The Small Song Cycles

Markus Schäfer, Zvi Meniker

Passacaille/Note 1 PAS1084
(70 Min., 11 & 12/2018)

Gleich mehrere Besonderheiten prägen dieses Schubert-Lieder-Album sowohl interpretatorisch als auch programmatisch: Zunächst einmal ist es die Wahl des Hammerflügels als Begleitinstrument. Im Rahmen der historisierenden Aufführungspraxis, die ja auch den Bereich der Kunstlied-Interpretation beeinflusst, wird dies zwar schon seit längerer Zeit immer wieder praktiziert, aber es ist bisher keinesfalls zum „Mainstream“ geworden. Original oder nicht, das Hörerlebnis ist natürlich insgesamt ein anderes, wenn die Gesangsstimme nicht vom ausgeglichenen, durch alle Lagen hindurch homogenen Klang eines modernen Flügels eingehüllt, sondern vom raueren, weniger schmeichelnden Sound des Hammerflügels eher kontrapunktiert und auch ein wenig „aufgemischt“ wird.
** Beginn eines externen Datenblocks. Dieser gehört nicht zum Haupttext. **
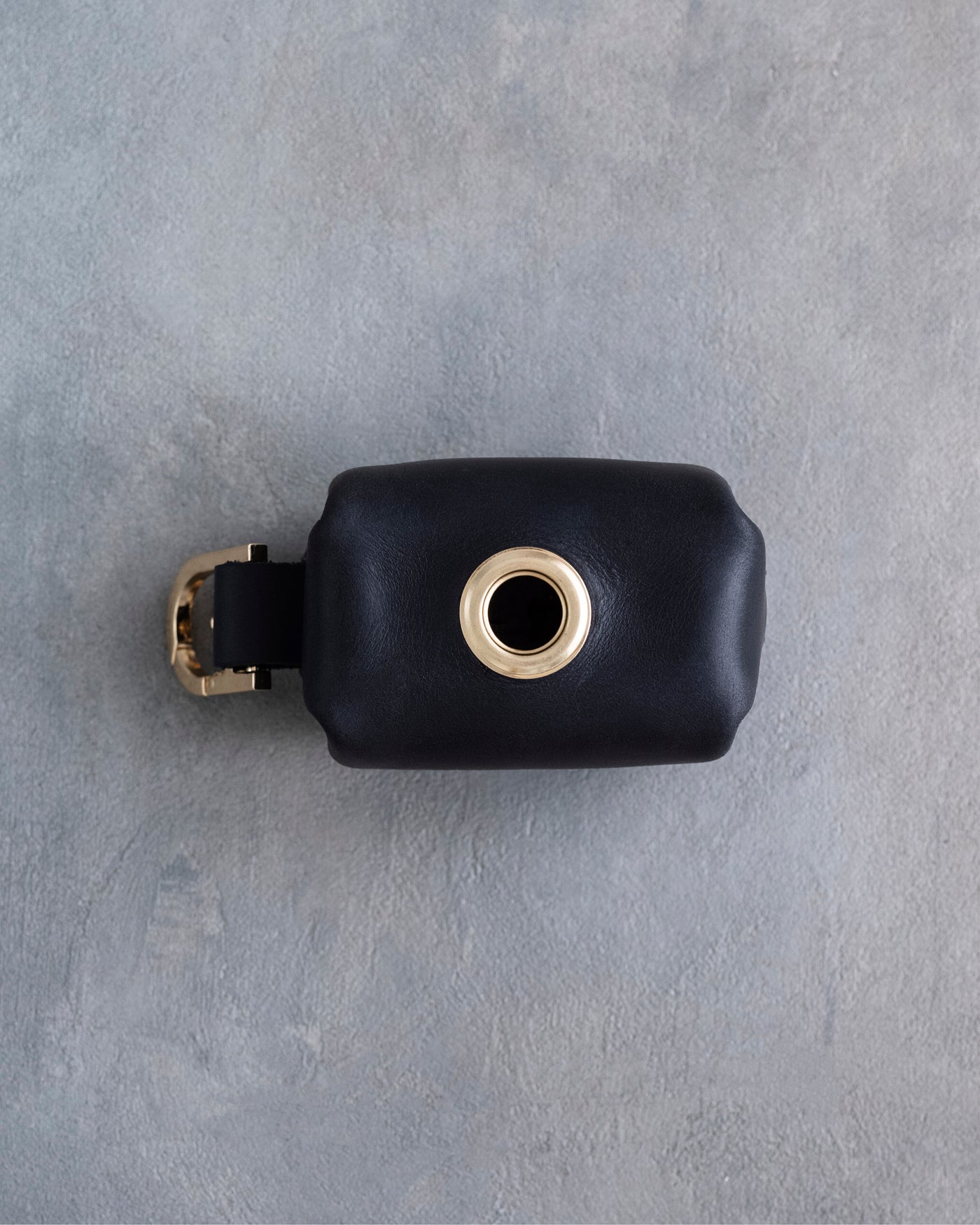 Black Leather Dog Poop Bag Holder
Nun ist Markus Schäfer ohnehin kein Klangästhet um jeden Preis, sondern ein konsequent von der Sprache her denkender Sänger-Rezitator, der auch einen grellen und schonungslos offenen Ansatz nicht scheut, wenn es dem Ausdruck dient. Deshalb fügt sich sein Singen mit Zvi Menikers umsichtiger, detailgenauer und stets hellwach am Wort orientierter Begleitung zu einem sehr kreativen Gesamteindruck, ein Stück abseits der vertrauten Lied-Konventionen.
Kreativ historisierend ist des Weiteren die Adaption von überlieferten Ornamenten der Gesangsstimme aus der Feder von Johann Michael Vogl, jenem Sänger, der zu einem wichtigen Schubert-Interpreten wurde, nachdem er den Komponisten und seine Lieder kennengelernt hatte. Mit den Verzierungen, von denen sich Schäfer und Meniker auch zu ähnlichen Modifikationen bei anderen, nicht von Vogl ausgezierten Liedern inspirieren ließen, schlachten die Interpreten ebenfalls eine heilige Kuh: Schuberts Kantilenen sind definitiv nicht unantastbar in ihrer überlieferten Gestalt, sondern wurden schon zu Lebzeiten des Komponisten variiert, wenngleich diese Praxis von Anfang an Kritiker in Schuberts direktem Umfeld fand. Es ist hilfreich und gut, sich als Hörer mit diesen teils recht weit gehenden Ornamenten zu konfrontieren: Sie bewegen sich auf einem schmalen Grat zwischen verspielter Künstlichkeit und ausdrucksverstärkender Sprachnähe und lassen die Grenze zwischen Komposition und Interpretation ein wenig verschwimmen.
Zu guter Letzt ist noch zu erwähnen, dass auch die Zusammenstellung der Lieder eine besondere ist: Sie folgt den Opuszahlen, unter denen Schubert selbst viele seiner Gesänge zusammenfasste. Zwar entstanden dadurch nicht „Zyklen“ nach Art der „Winterreise“ oder der „Müllerin“. Aber es kommen, folgt man den Zahlen, Lieder miteinander zum Vorschein, die sonst nicht oder zumindest nicht in dieser Kombination in ein Liederabendprogramm Eingang finden. Ein interessanter Ansatz.